Gastrointestinal stromal tumors (GISTs) are the most common mesenchymal tumors of the GI tract. While surgical resection remains standard for localized disease, the low risk of lymph node spread makes organ-preserving endoscopic resection a viable alternative. Neoadjuvant imatinib further enhances this approach by shrinking tumors, reducing bleeding risk, and enabling safe en-bloc endoscopic removal in anatomically challenging locations

Retrospective analysis of prospectively maintained database of 5 patients with large GISTs undergoing neoadjuvant imatinib followed by endoscopic resection. Assessed for demographics, tumor characteristics, imatinib response, resection/closure techniques; outcomes including histology with chemotherapy related changes and residual viable tumor, margins, complications, length of stay and follow-up.

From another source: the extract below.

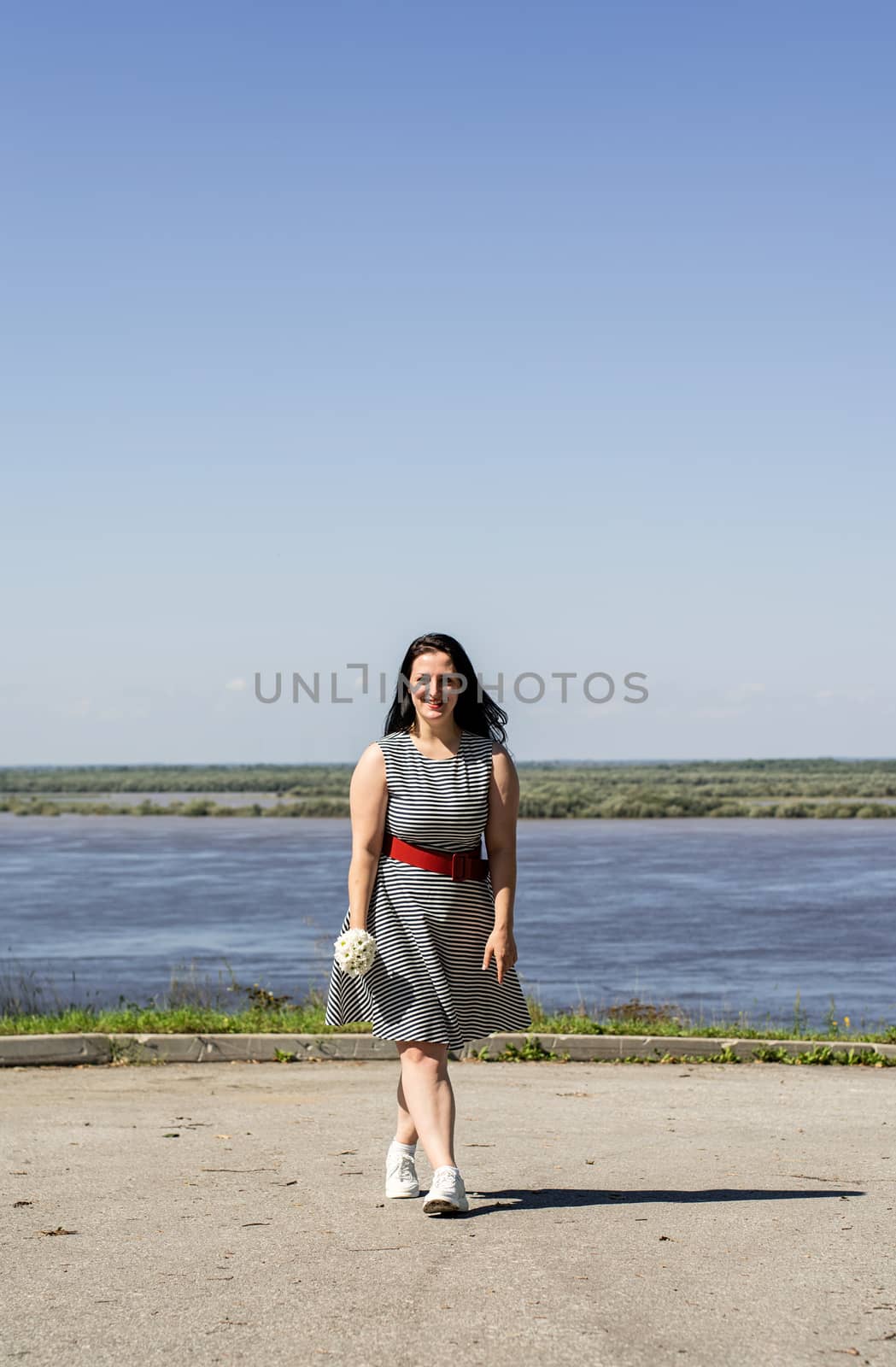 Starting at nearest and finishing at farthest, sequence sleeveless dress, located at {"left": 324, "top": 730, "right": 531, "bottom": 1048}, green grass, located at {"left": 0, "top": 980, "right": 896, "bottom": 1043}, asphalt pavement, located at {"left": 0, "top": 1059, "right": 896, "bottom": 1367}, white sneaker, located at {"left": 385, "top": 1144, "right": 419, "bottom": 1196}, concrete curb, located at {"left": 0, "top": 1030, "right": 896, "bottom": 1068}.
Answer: asphalt pavement, located at {"left": 0, "top": 1059, "right": 896, "bottom": 1367} < sleeveless dress, located at {"left": 324, "top": 730, "right": 531, "bottom": 1048} < white sneaker, located at {"left": 385, "top": 1144, "right": 419, "bottom": 1196} < concrete curb, located at {"left": 0, "top": 1030, "right": 896, "bottom": 1068} < green grass, located at {"left": 0, "top": 980, "right": 896, "bottom": 1043}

5 patients with anatomically difficult location - 2 rectal (involving internal anal sphincter and abutting the external anal sphincter), 2 duodenal (1- D3, 1- D1-D2 junction), 1 - exophytic gastric lesion. Mean baseline tumor size (mm) - 38 [SD 9.30]. Layer of origin on EUS - all arising from muscularis propria (MP) and 1 involving the gastric serosa. Clinical presentation – G.I bleed - 3 (ulcerated lesions), abdominal pain - 1 and dyspepsia - 1. Tumor grade 4 - low grade (Mitotic index < 2/50 hpf), 1 - high grade (> 5/50 hpf).

Neoadjuvant imatinib (400-800 mg OD) for 13 -24 weeks. 3 patients tolerated Imatinib well. 2- diarrhoea – managed symptomatically. None of the ulcerated lesions had bleeding episodes while on imatinib and achieved a mean size reduction- 54% i.e 20.6 mm(SD-4.66) on CECT.

Resection modalities  EFTR-3,  STER-1,  ETSSD-1 (endoscopic tunneling and subserosal dissection). Primary closure techniques used: 2 - endoscopic suturing, 2 - endoclips and 1 -  endoclips + intraluminal EVT.

Mean total procedure time - 191 min [SD30.33]. Enbloc resection achieved in all, no complications, with mean length of hospital stay 7 days. R0 resection with treatment related changes on HPE. Adjuvant Imatinib continued in all.

 Follow up PET scan at most recent follow up- negative for recurrence/metastasis. Rectal lesions resected - no stool incontinence on follow-up. Median follow up 22 months and maximum 38 months. 

Neoadjuvant imatinib substantially downsizes large non-metastatic GISTs and enhances tissue planes, enabling safe, effective, organ-preserving en-bloc endoscopic resection even in anatomically challenging locations where surgery would otherwise require morbid surgeries. This strategy achieves high R0 rates, preventing morbidity, suggesting that neoadjuvant imatinib may serve as a viable alternative to radical surgery for selected large localised GISTs amenable to endoscopic resection. Prospective studies are needed to validate and expand its use beyond expert centers.